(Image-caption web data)
= = = =

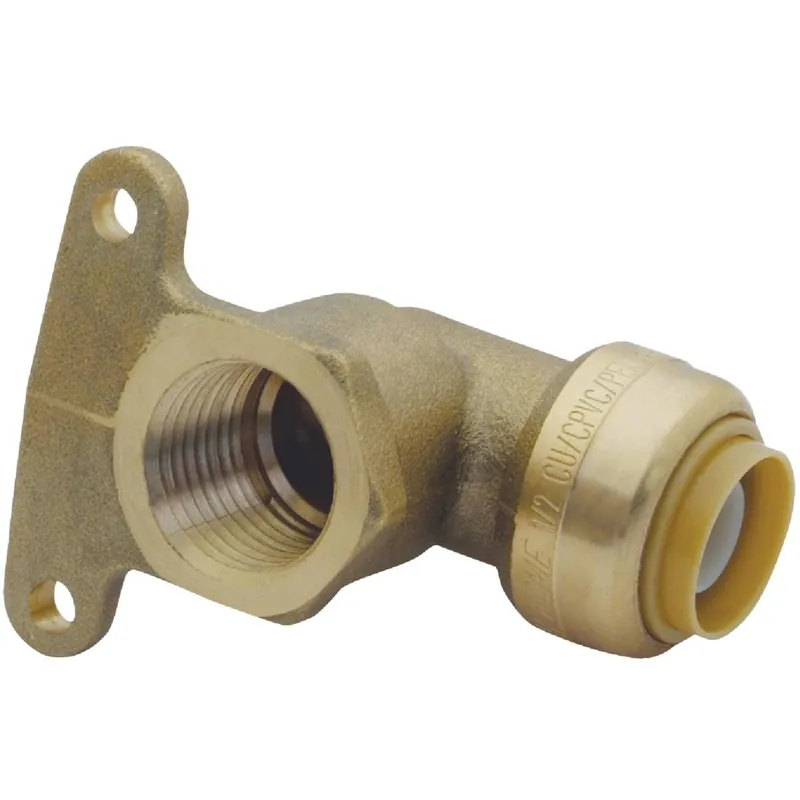 SharkBite U335LFA 1/2 In. x 1/2 In. Push-to-Connect Hi-Ear Brass Elbow (1/4 Bend)
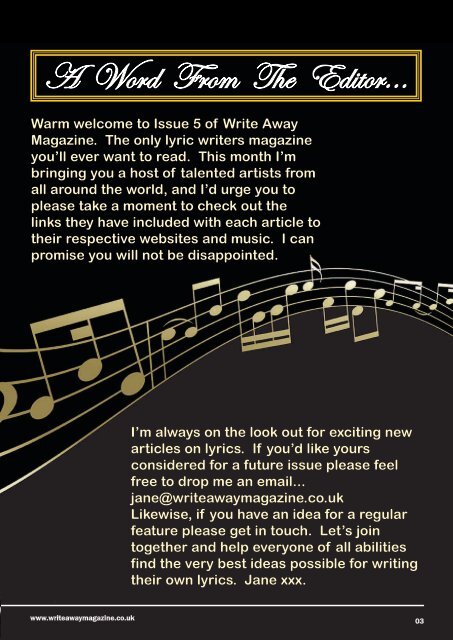 Write Away Magazine - May Issue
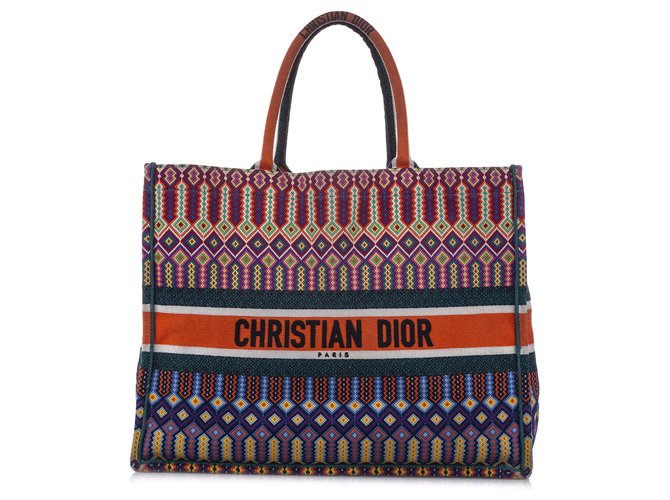 dior canvas tote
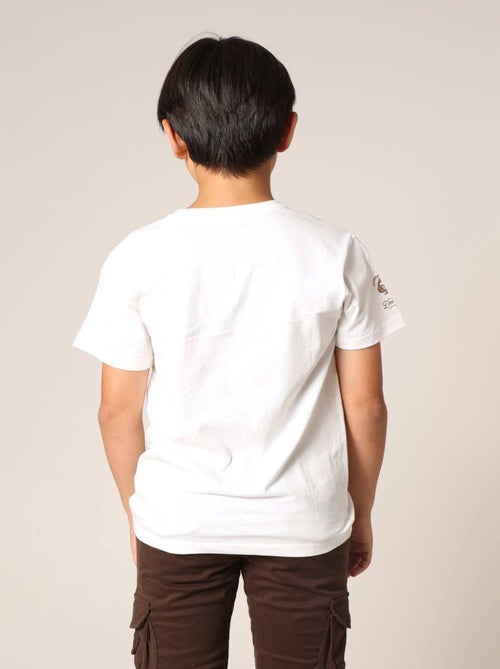 Gilet sans manches pour fille style sherpa, style folk
 'Deeluxe' - Kiabi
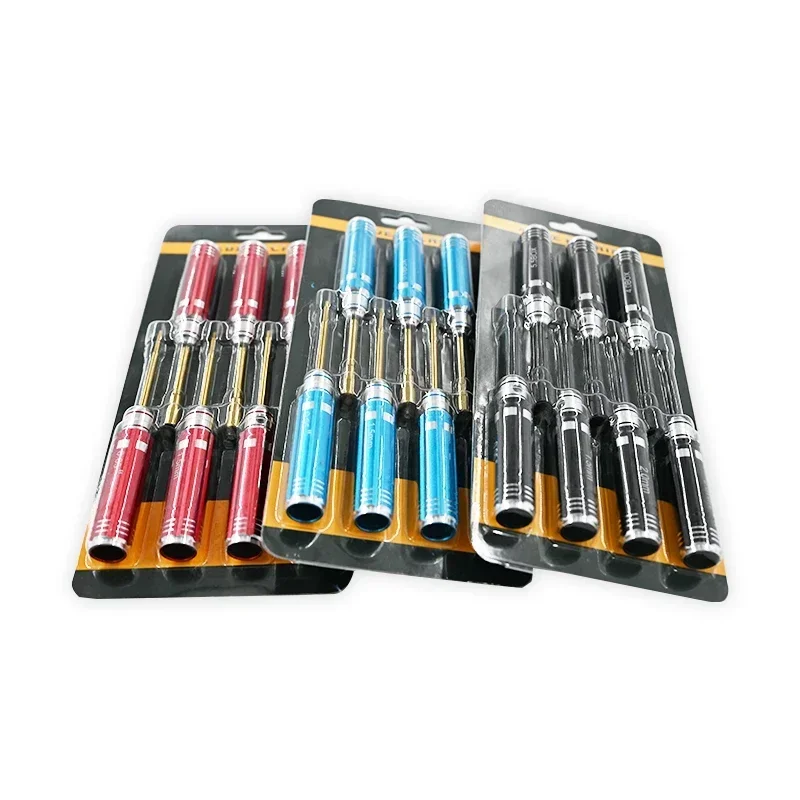 7pcs Short Handle Nut Driver Hex Screwdriver Tools Kit For Trxs Trx4m Axial Scx24 Fms Fcx24 1/18 1/24 Rc Mini Crawler Car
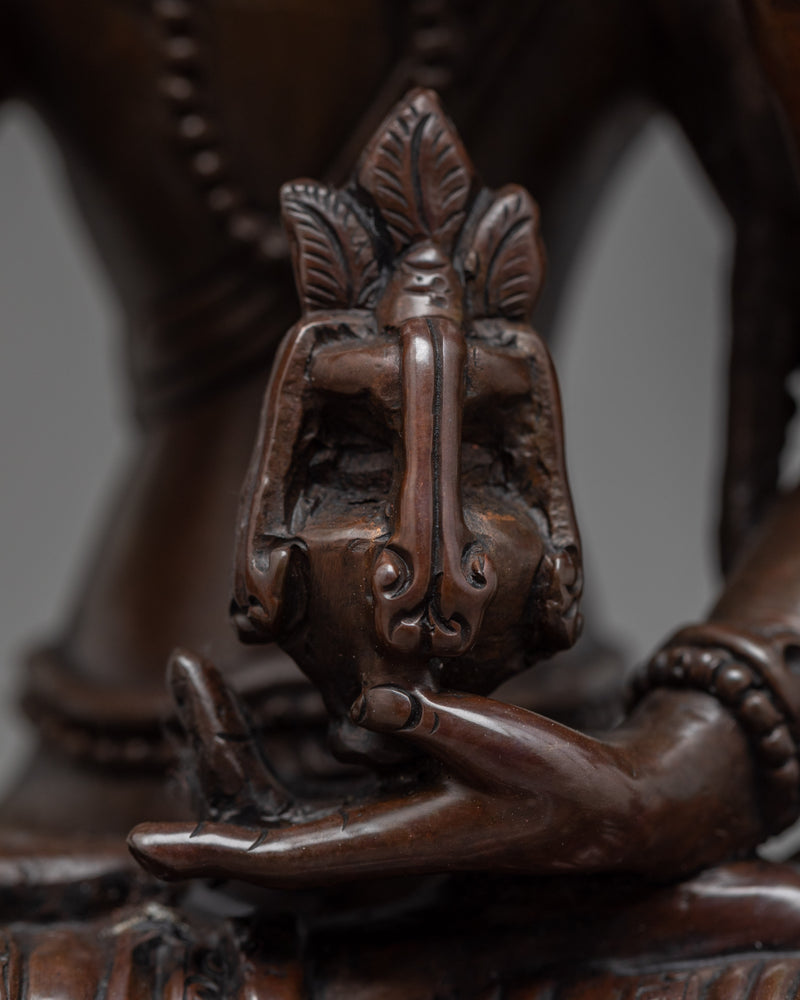 Hand Carved Namgyalma Statue | Ushnishavijaya Statue for Meditation and Ritual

= = = =

(Task goal): Exclude all pictures and reproduce verbatim the lines running from the line that contains "Write Away Magazine - May Issue" to the end of the data above, both ends included.

(Response):
 Write Away Magazine - May Issue
 dior canvas tote
 Gilet sans manches pour fille style sherpa, style folk
 'Deeluxe' - Kiabi
 7pcs Short Handle Nut Driver Hex Screwdriver Tools Kit For Trxs Trx4m Axial Scx24 Fms Fcx24 1/18 1/24 Rc Mini Crawler Car
 Hand Carved Namgyalma Statue | Ushnishavijaya Statue for Meditation and Ritual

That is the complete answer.